Meeting in urgent session in Washington, D.C., on Sunday, the Organization of American States (OAS) issued a demand that Honduran President Manuel Zelaya be restored to power, calling his ouster earlier that day "an unconstitutional alteration of the democratic order." The OAS Permanent Council proclaimed that it would not recognize any government resulting from that "coup d'état." Pretty strong stuff--but too little, too late.
Manuel Zelaya began his four-year term as president of the Central American Republic of Honduras in January 2006. The harsh fact is that most of his countrymen regarded Zelaya as a capricious blowhard who was too incompetent to do any permanent damage. Not surprisingly, when it came to shredding the Honduran constitution to allow him to seek a second term, they declined to go along with his clumsy power grab.
Most Latin American countries limit their presidents to single terms, mindful that too much power held for too long might produce a dangerous strongman. This phenomenon is common enough that Latins found it necessary to coin a word: caudillo. Caudillos had fallen out of fashion until Venezuela's dictator, Hugo Chavez, burst on to the scene in 1998.

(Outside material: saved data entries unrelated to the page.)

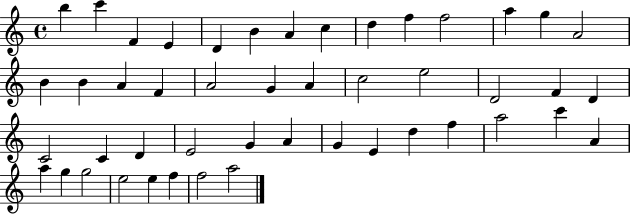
{
  \clef treble
  \time 4/4
  \defaultTimeSignature
  \key c \major
  b''4 c'''4 f'4 e'4 | d'4 b'4 a'4 c''4 | d''4 f''4 f''2 | a''4 g''4 a'2 | \break b'4 b'4 a'4 f'4 | a'2 g'4 a'4 | c''2 e''2 | d'2 f'4 d'4 | \break c'2 c'4 d'4 | e'2 g'4 a'4 | g'4 e'4 d''4 f''4 | a''2 c'''4 a'4 | \break a''4 g''4 g''2 | e''2 e''4 f''4 | f''2 a''2 | \bar "|."
}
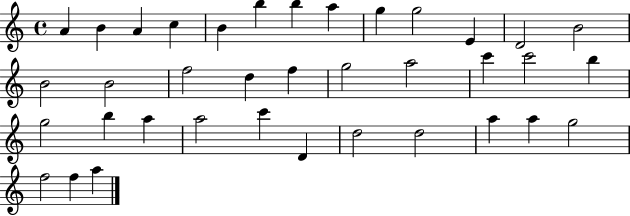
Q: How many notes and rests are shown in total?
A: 37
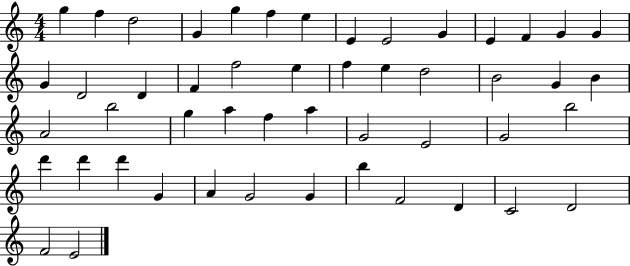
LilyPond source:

Once he was elected in 1998, Chavez rammed through constitutional amendments that concentrated most of the powers of the state in his hands. In the coup de grace against Venezuelan democracy, last year he engineered a "reform" that permits him to seek the presidency indefinitely.
Chavez has urged his acolytes in Bolivia, Ecuador, Honduras and Nicaragua--upon whom he has lavished vast sums of foreign aid--to shove aside constitutional norms to impose their will. That is precisely what Zelaya was attempting to do when he came up against the country's other democratic institutions, which declared unconstitutional a popular referendum that he hoped would bless his second term.
Specifically, Honduras Electoral Tribunal, Congress, Supreme Court, attorney general and human rights ombudsman each declared Zelaya's plan unlawful. Undaunted, Zelaya stepped up his populist rhetoric in a bid to whip up the mob against the legal obstacles in his way. It speaks volumes that Zelaya was never able to mobilize large demonstrations. The idea that "Mel" Zelaya thought he deserved a second term left most Hondurans merely mystified.
Zelaya dismissed General Romeo Vásquez after he refused to ignore the Court order and instruct his troops to distribute the referendum ballots. When Zelaya sacked Vásquez, all of the military chiefs and the civilian minister of defense resigned in protest. After the Supreme Court ordered Vásquez reinstated, Zelaya led a mob of his supporters to confiscate the ballots.
In short, Zelaya brushed aside every other institution of the state in insisting on a referendum that would benefit his selfish interests.
On Sunday morning, Zelaya was arrested by military forces and sent in to exile in Costa Rica. The Supreme Court has ruled that the military had acted lawfully in detaining Zelaya and preventing the illegal referendum. The Congress quickly accepted Zelaya's purported "resignation" and, in accordance with the constitution, appointed the president of Congress, Roberto Micheletti, as Zelaya's successor. Micheletti immediately promised to convene a national dialogue and, unlike Zelaya, vowed to respect the results of presidential elections scheduled for November.
Ironically, a few short weeks ago, President Zelaya led a fight in the OAS general assembly to recognize the dictatorship of Cuba, allowing it to take a seat at the OAS. Doing so would have rendered the Inter-American Democratic Charter inoperable. That is the same Democratic Charter that regional diplomats are now citing to demand that Zelaya be returned to power--despite his willful abuses of the "separation of powers" enshrined in that document. That is the very Democratic Charter, which Zelaya was willing to violate to recognize an unelected dictator in Havana, that his supporters now use to deny recognition of his constitutional successor in Tegucigalpa.
Zelaya's self-serving lawlessness was ignored completely by OAS leadership and, as far as one can tell, by every government in the region that now dares to pass judgment on Honduras' constitutional order. The feckless regional diplomats who have failed to confront undemocratic caudillos in Venezuela, Bolivia, Ecuador, Nicaragua and Honduras are complicit in their abuses. Today, they have neither the credibility nor moral authority to pass judgment on those desperate patriots who act to defend their freedom, in Honduras or anywhere else.
Roger F. Noriega is a visiting fellow at AEI.